Vermont's Northeast Kingdom | Change Coming to the Kingdom
At the community forum I attended—one of a series of facilitated, open-to-all gatherings intended to provide residents with a real-time grasp of the development and its potential opportunities and consequences—chairs had been arranged in a large circle, part of the facilitator’s intent to democratize the gathering. This wasn’t supposed to be Bill Stenger’s show; it was supposed to be the people’s show. But despite this effort, and despite a strong turnout of 60 or more, and despite the fact that a dozen or so attendees stood in the back of the room, two seats remained empty: One was to the left of Stenger; the other was to his right.Despite this separation, it quickly became clear to me that Stenger enjoyed a high level of respect and perhaps even reverence among the assembled crowd.
“You, sir, are the answer to a lot of people’s prayers,” said the pastor of a local church, when it came his turn to speak.
“Thank you for your courage and honesty,” said another man.
“If all this is only a fraction as successful as the water park at Jay, there’s going to be a gold mine in Newport,” commented a middle-aged fellow dressed in business casual. A soft chuckle ran through the crowd, and heads nodded in agreement.
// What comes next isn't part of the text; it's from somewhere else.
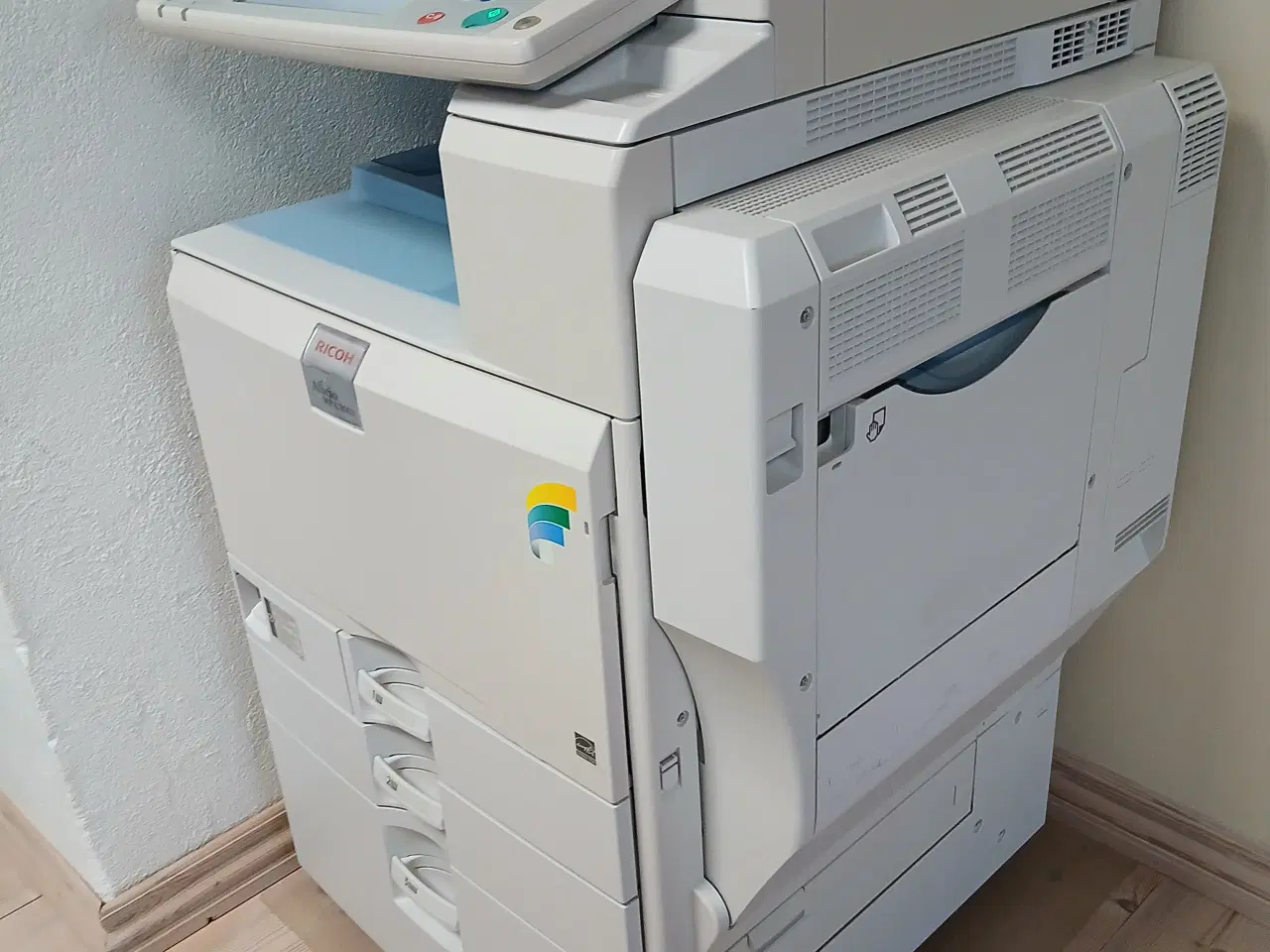 Billede 1 - Ricoh kopimaskine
Outside the tall windows of the meeting space lay the vast blue-gray expanse of Lake Memphremagog. Despite the halcyon weather, the lake was practically devoid of human activity. There were no boats in sight, no fishermen, no jet skis, no swimmers. This didn’t escape Bill Stenger’s attention. “Look at that lake,” he said, nodding toward the sun-washed water. “There’s not a boat out there. It’s nuts.” I gazed out at the water, squinting into the late light. I saw some birds—gulls, probably—circling, and I watched the lake surface shimmer under the waning sun. For a moment, the room fell quiet as everyone gazed at the lake, and I had to wonder whether they saw the same thing I did: The sun on the water looked just like gold.
One morning not long after the meeting, I stopped at Brenda’s Homestyle Cookin’ on Main Street in Newport. I took a seat on the long padded bench that lines an entire wall; through the window, I could see across the street to the recently opened Northeast Kingdom Tasting Center, a showplace for the region’s artisanal food and beverage producers, where you can purchase a liter bottle of ice cider for $29 or a small wedge of blue cheese for half that much. On the television mounted on the wall across from me, Dr. Phil was helping some hapless soul navigate an abusive relationship. In one corner, an employee was stacking coolers with prepared meals; Brenda’s distributes nearly 500 of them across the community each week as part of the Meals on Wheels program. I heard someone ask what the lunch specials would be, and I heard the reply: meatloaf and rice, and hamburg in pasta.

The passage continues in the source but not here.